# Work request
An image-free, word-for-word version of the records below is to be returned.

========

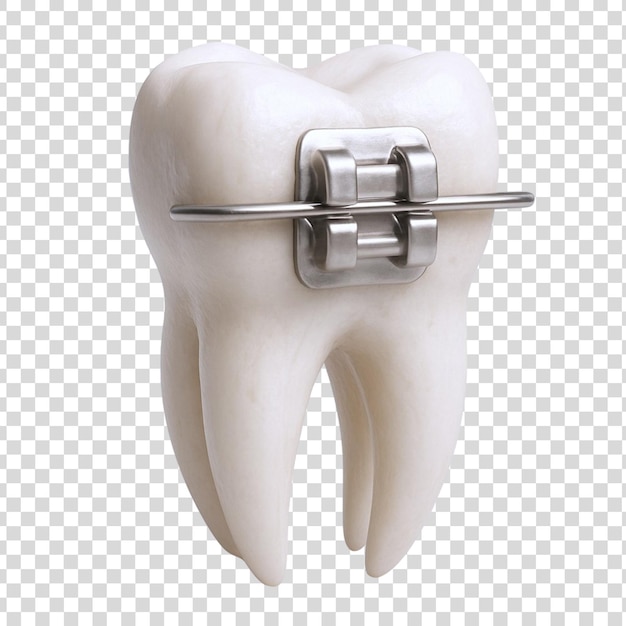 Une dent avec un appareil orthodontique
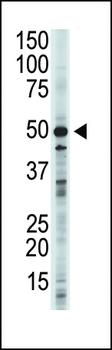 GSK3 beta (GSK3B) Antibody (N-term)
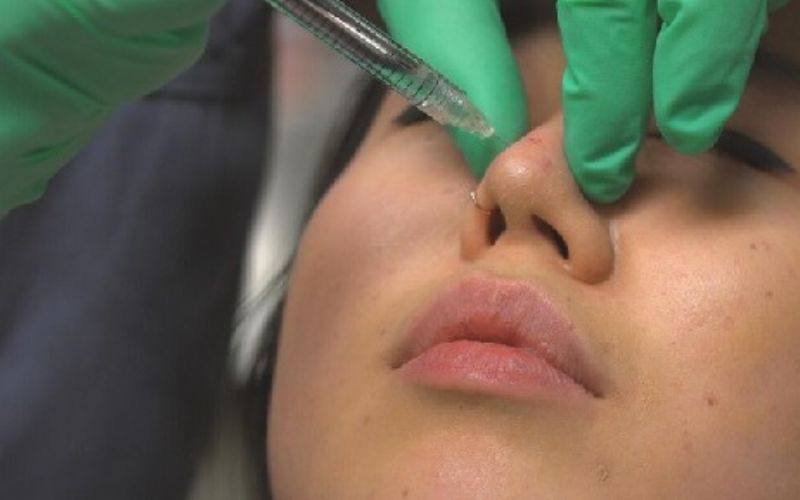Tay nghề bác sĩ là yếu tố ảnh hưởng đến kết quả nâng mũi có lưu giữ được lâu dài hay không
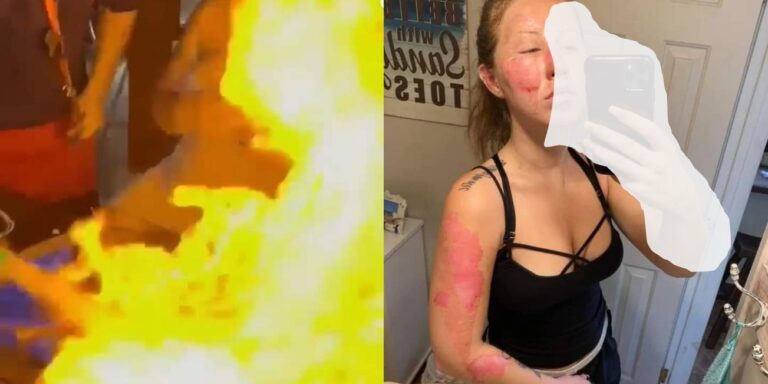 «LAS DE GUANATOS» INCENDIA EL ROSTRO DE UNA TURISTA EN CANCÚN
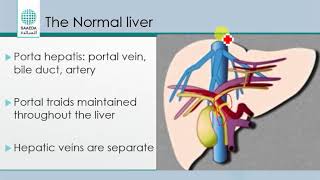 liver sonography [upl. by Nref]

========

# Answer to this problem
 Une dent avec un appareil orthodontique
 GSK3 beta (GSK3B) Antibody (N-term)
Tay nghề bác sĩ là yếu tố ảnh hưởng đến kết quả nâng mũi có lưu giữ được lâu dài hay không
 «LAS DE GUANATOS» INCENDIA EL ROSTRO DE UNA TURISTA EN CANCÚN
 liver sonography [upl. by Nref]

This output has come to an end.